Brief descriptive captions:
☆ ☆ ☆

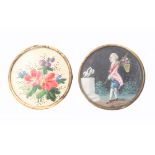 Buttons - two 18th Century buttons, comprising a floral painted example and another painted with a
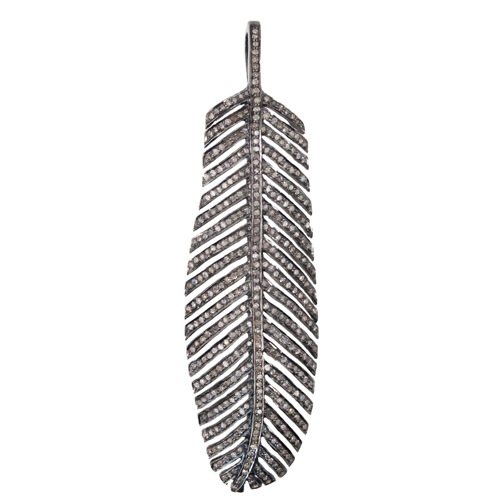 Diamond Studded Silver Leaf Pendant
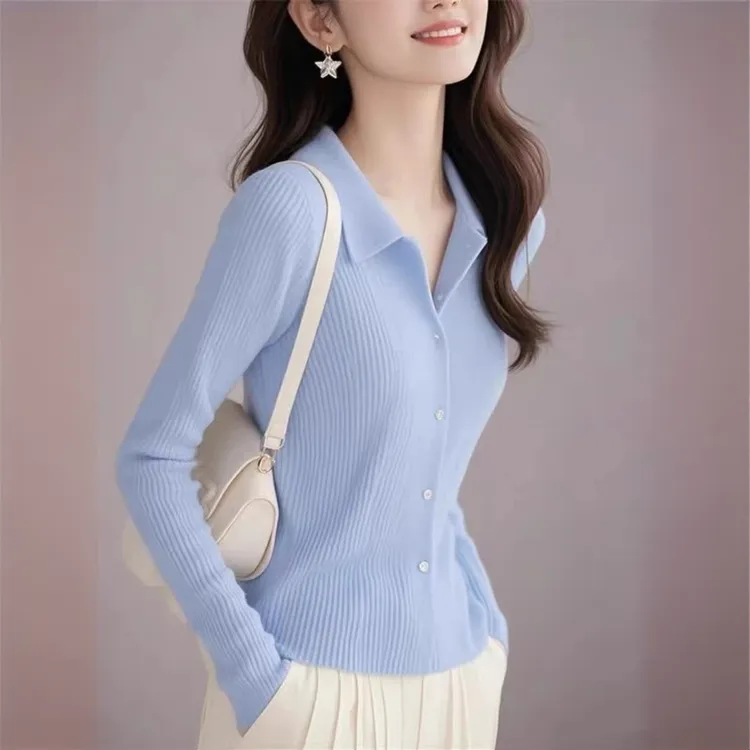出游服装女POLO领蓝色针织开衫独特漂亮上衣女2025女款春装上衣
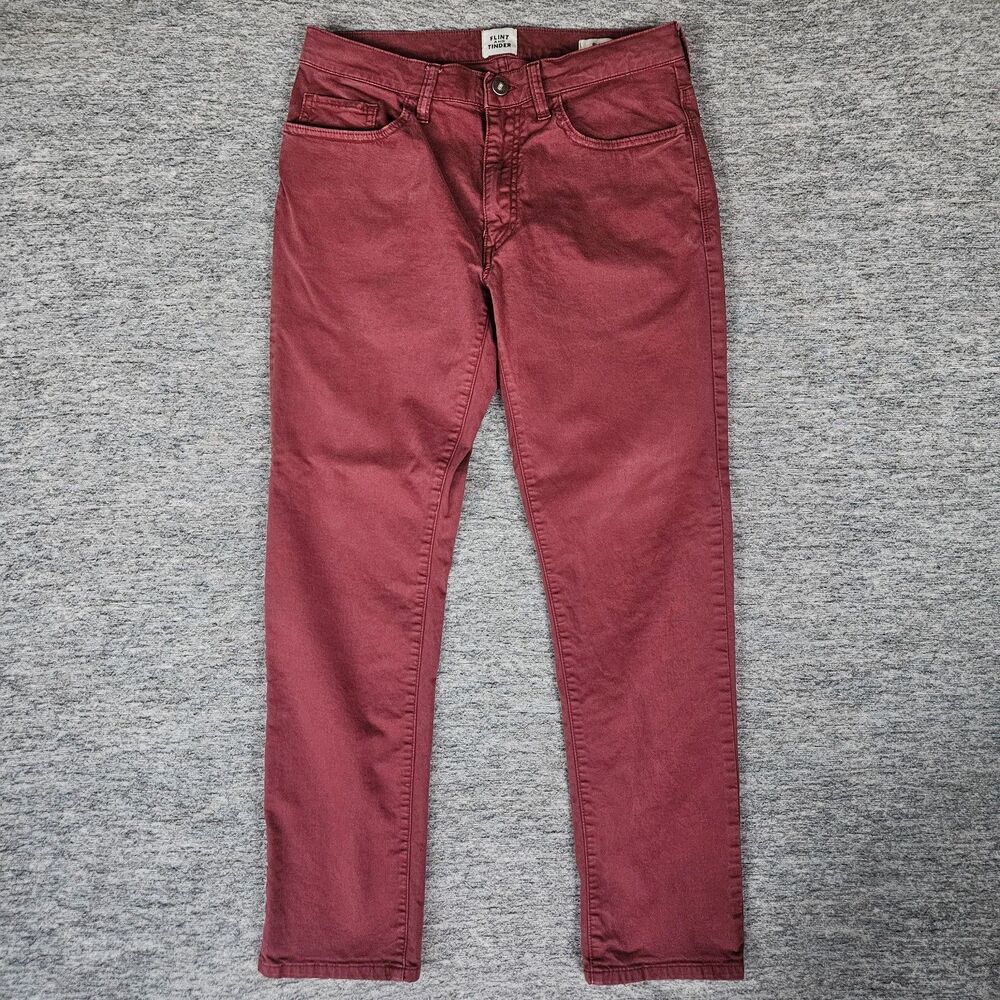 FLINT AND TINDER Men's 365 Pant Slim Fit Chino in Maroon Red 30 X 30 Casual
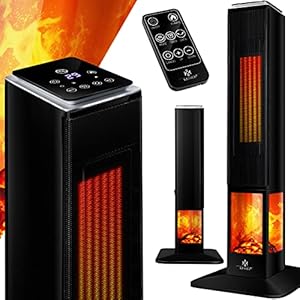 KESSER® Toren warmtestraler, staande warmtestraler, infrarood met afstandsbediening, timer, schoorsteeneffect, verwarming toren-keramische kachel, ventilatorkachel, kachel, open haard, staande verwarming met oscillatiefunctie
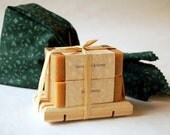 Custom gift set of handmade soaps - pick two soaps.  Includes wooden soap dish and gift wrap.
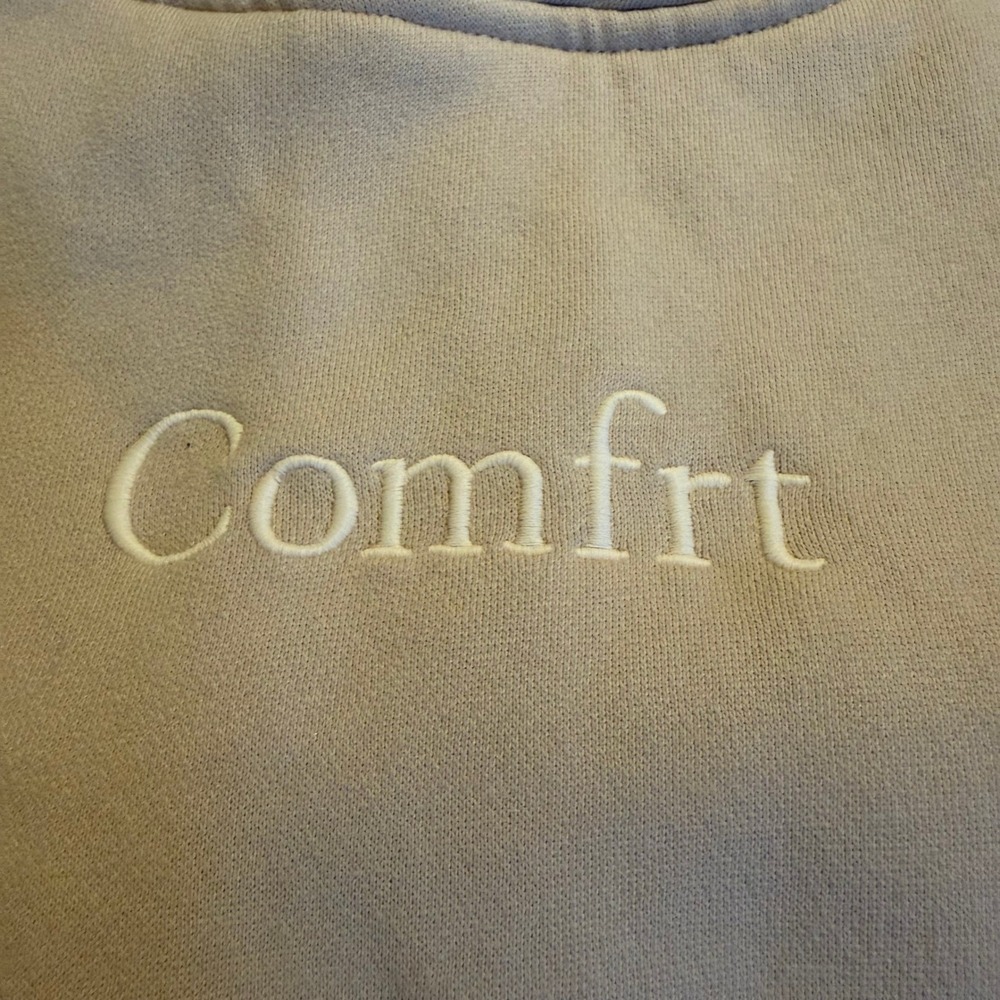 Comfrt Cream Embroidered Logo Oversized Fleece Hoodie Sweatshirt Large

☆ ☆ ☆

## WHAT YOU HAVE TO DO:
Give back every record precisely as it stands, without the images.

## WRITTEN RESPONSE:
 Buttons - two 18th Century buttons, comprising a floral painted example and another painted with a
 Diamond Studded Silver Leaf Pendant
出游服装女POLO领蓝色针织开衫独特漂亮上衣女2025女款春装上衣
 FLINT AND TINDER Men's 365 Pant Slim Fit Chino in Maroon Red 30 X 30 Casual
 KESSER® Toren warmtestraler, staande warmtestraler, infrarood met afstandsbediening, timer, schoorsteeneffect, verwarming toren-keramische kachel, ventilatorkachel, kachel, open haard, staande verwarming met oscillatiefunctie
 Custom gift set of handmade soaps - pick two soaps.  Includes wooden soap dish and gift wrap.
 Comfrt Cream Embroidered Logo Oversized Fleece Hoodie Sweatshirt Large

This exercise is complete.